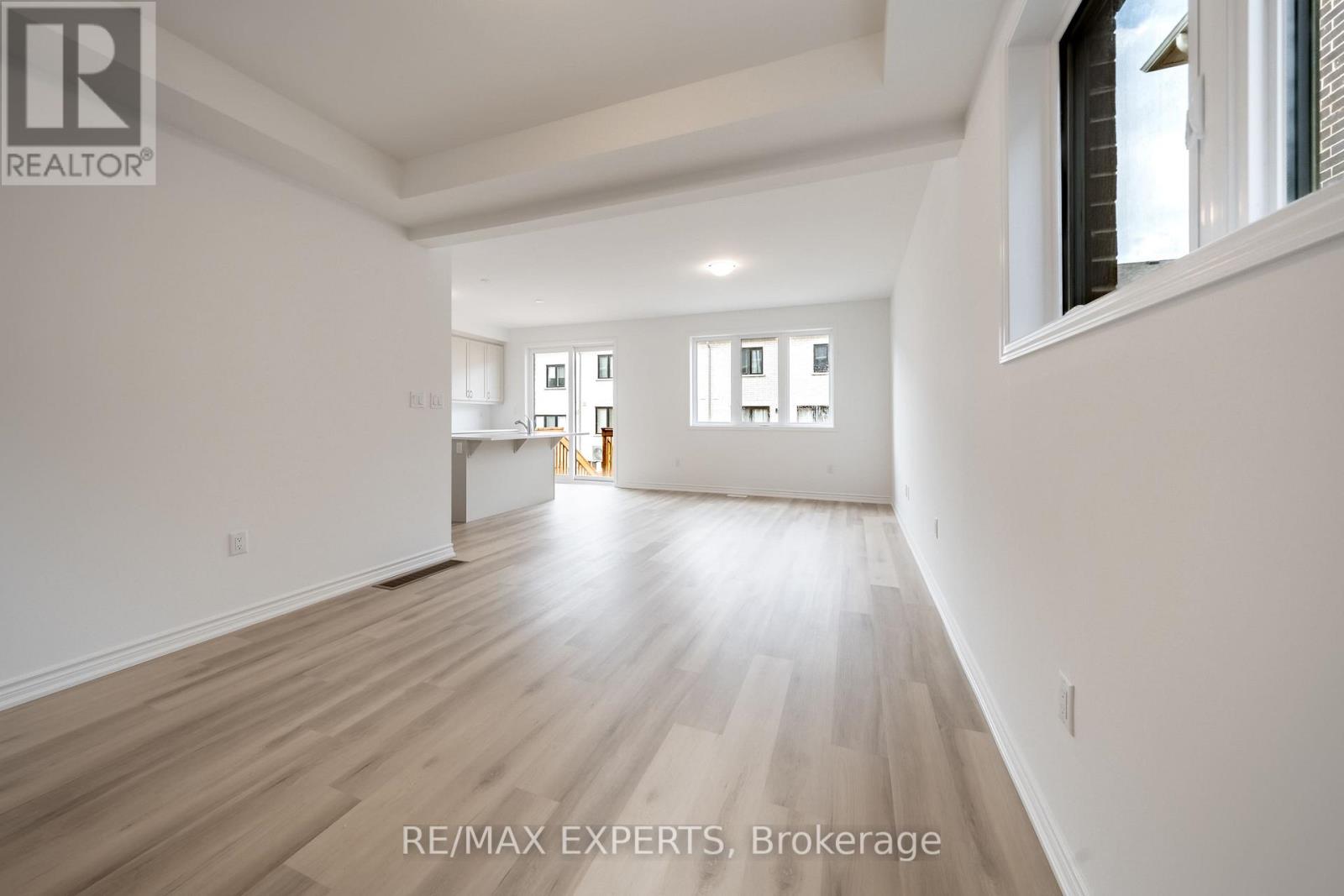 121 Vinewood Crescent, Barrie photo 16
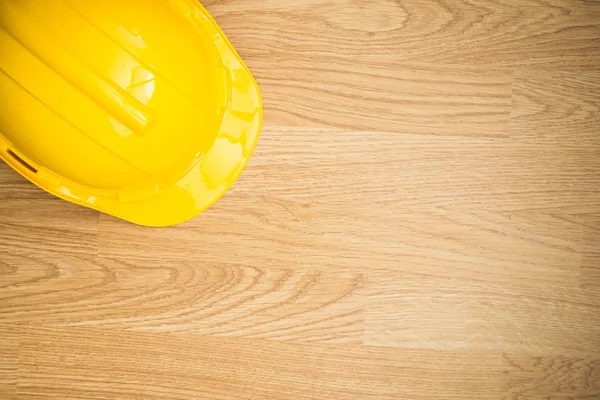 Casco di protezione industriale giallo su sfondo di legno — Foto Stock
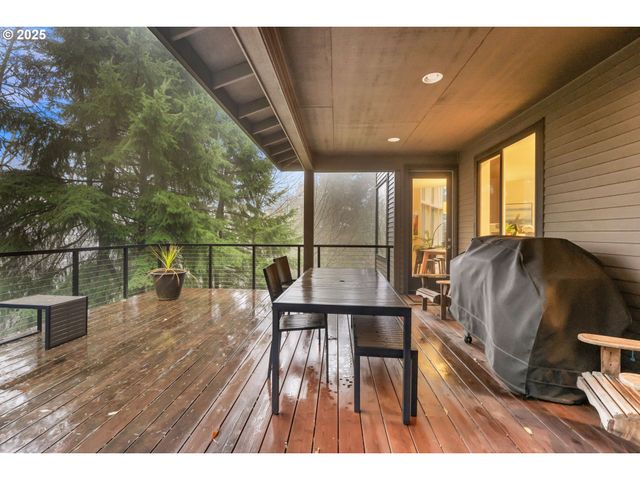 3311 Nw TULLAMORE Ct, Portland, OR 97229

**What needs to be done:** Because the copy must hold no pictures, return only the lines that run from the line containing "Casco di protezione" to the end of the data above, each exactly as it stands.

**Final answer:**
 Casco di protezione industriale giallo su sfondo di legno — Foto Stock
 3311 Nw TULLAMORE Ct, Portland, OR 97229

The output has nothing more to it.